La estampida de burgueses afectados, y de esbirros y sus cómplices, no debe propiciar que Cuba renuncie a nada que tenga altura y sea legítimamente suyo. La mayoría de la intelectualidad artística y literaria siguió fiel a la patria, y la política cultural ha trazado pasos concretos, que avanzan en los hechos, para que el país no renuncie a nada que le pertenezca.

Al margen de contingencias —entre ellas las generadas por la pasión—, y para mencionar pocos ejemplos, la música de Ernesto Lecuona, quien, según algún testimonio, acabó tocando piano en un restaurante canario; la obra de Jorge Mañach (y hasta la de algún obstinado en su rabia frente a la Revolución, como Guillermo Cabrera Infante); la sonoridad de Celia Cruz, de voz muy superior a su pensamiento, pertenecen a la cultura cubana, aunque algunos hayan querido negarlo.

Otra cosa —aunque se haga con las mejores intenciones, como revertir sectarismos; pero olvidando que toda cultura es más de una a la vez— sería afirmar que pertenecen a la cultura revolucionaria de Cuba. Son matizaciones de esencia, no quisquilla clasificatoria.

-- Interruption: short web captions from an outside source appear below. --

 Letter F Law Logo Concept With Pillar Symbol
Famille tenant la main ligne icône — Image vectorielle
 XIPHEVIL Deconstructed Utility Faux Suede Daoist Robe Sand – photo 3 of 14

Asimismo, a una nación que lo es con su emigración —no confundible con caínes fratricidas, y ya fundamentalmente económica— es natural que su cultura le crezca más allá de sus lindes. Inclúyanse en el recuento los frutos del ajetreo internacionalista.

Clave de la cubanía

La identidad cultural cubana es mucho más profunda y viva que los lugares comunes utilizables para explicarla, aunque ellos pesen en esta historia y algunos estén unidos a pasiones genuinas. Al cumplirse medio siglo dela Campaña de Alfabetización, que transformó al país y lo más profundo y abarcador de su cultura, si se trata de representar esa identidad y la mejor actitud con respecto a ella, acaso nada sea más eficaz que una exclamación de Eduardo Saborit.

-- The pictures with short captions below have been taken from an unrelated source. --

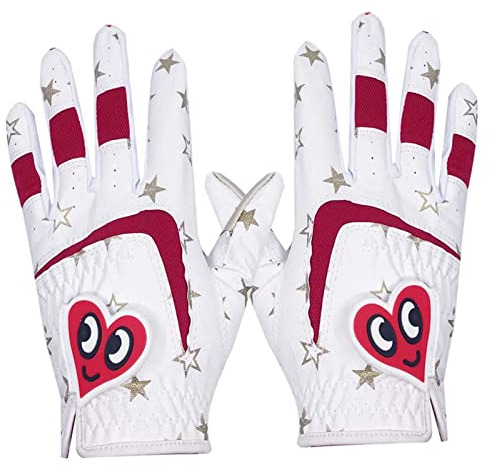 Colcolo 2 StückKinder Golfhandschuhe, Langlebige Kinder Golfhandschuhe Premium Leder Links Rechtshänder Rutschfester Warmer Golfhandschuh für Mädchen - S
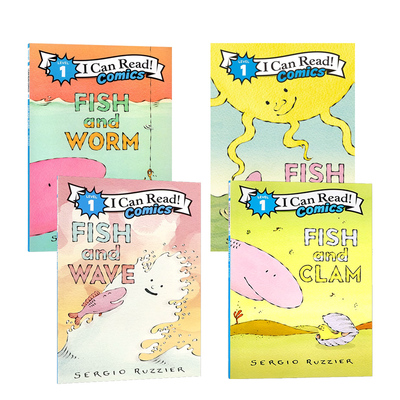 英文原版绘本ICR Comics L1 Fish And Sun/Fish and Worm/ Fish and Wave/ Fish and Clam顺应自然正视自我 系列4本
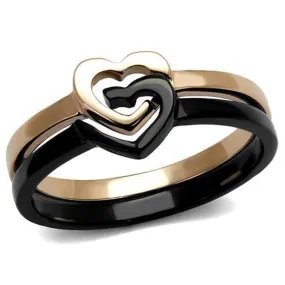 WildKlass Stainless Steel Ring IP Rose Gold  IP Black Women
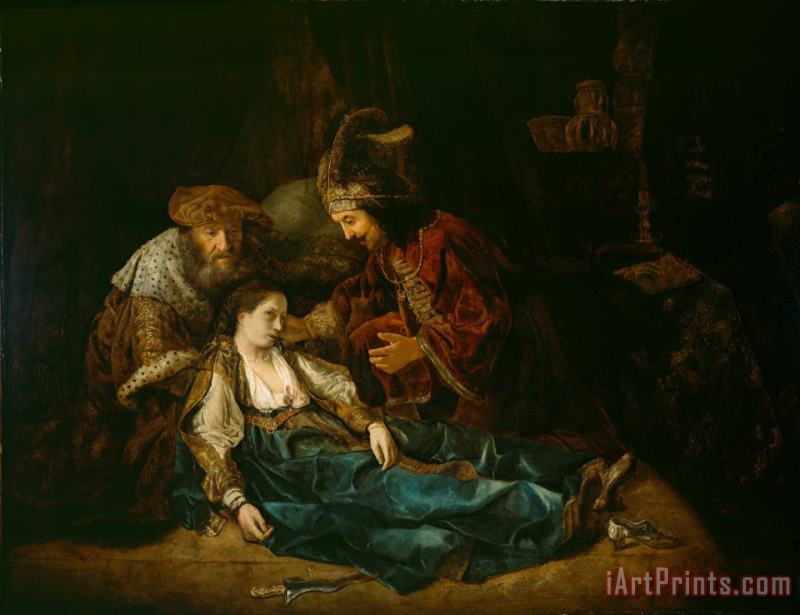 Harmensz van Rijn Rembrandt The Death of Lucretia - mid 1640s Art Print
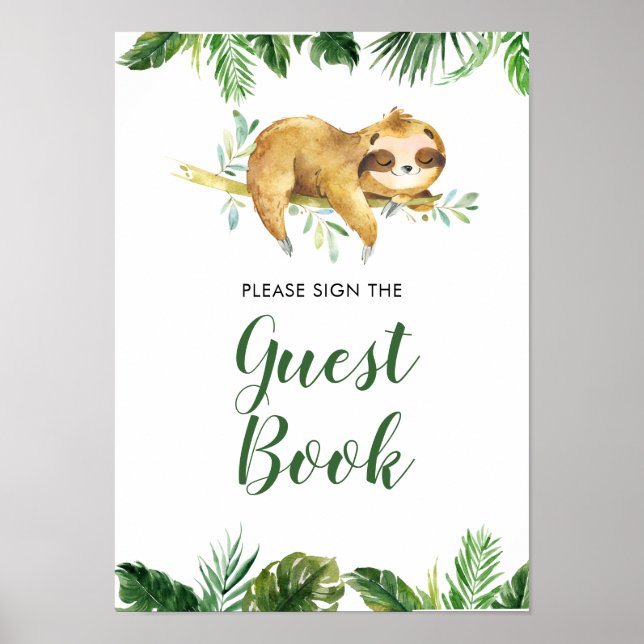 Tropical Boy Sloth Baby Showbucht Poster (Vorne)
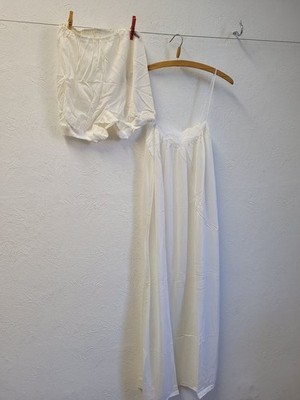 Nachthemd Negligé Graziella Short Trikoha Burgs. Spitze Gr: 42 DDR weiß #2642888
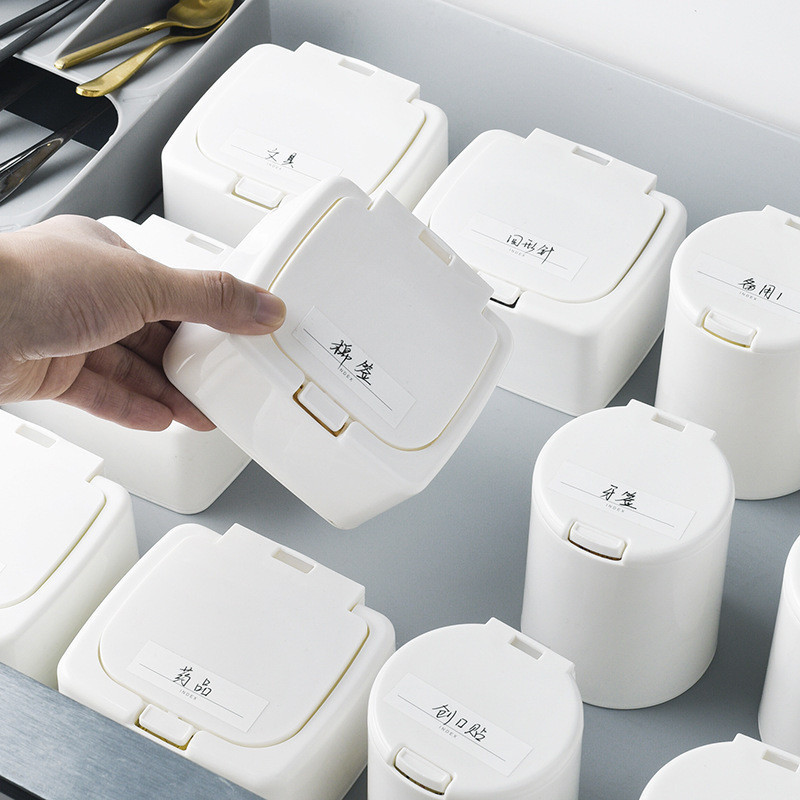 Push-button Storage Box Desktop Organizer Cosmetics with Lid Dustproof ...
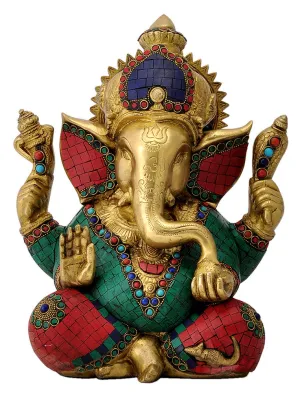 Lord Gajanana Ganpati Brass Sculpture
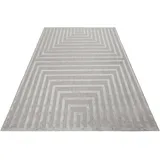Esprit Outdoorteppich ESPRIT "Carolina ESP-54227", grau (hellgrau), B:133cm H:6mm L:200cm, Polypropylen (PP), Teppiche, Outdoorteppich, mit Hoch-Tief-Effekt, modern, robust, pflegeleicht, Terrasse, Küche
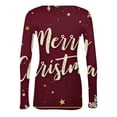 thumbnail image 5 of Christmas Shirts for Women Ribbed Knit Tops Graphic Merry Christmas Tree Print Fitted Long Sleeve Tee Top Fall Winter Trendy Clothes, 5 of 5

Se halla en su representativa canción ¡Cuba, qué linda es Cuba!, compuesta en uno de sus viajes por países europeos. En ella el autor del Himno de aquella Campaña, en la que participó activamente, expresó con respecto a la patria lo que puede reiterarse sin necesidad de idealizarla: “Quien la defiende la quiere más”. Y defenderla bien es quererla mejor.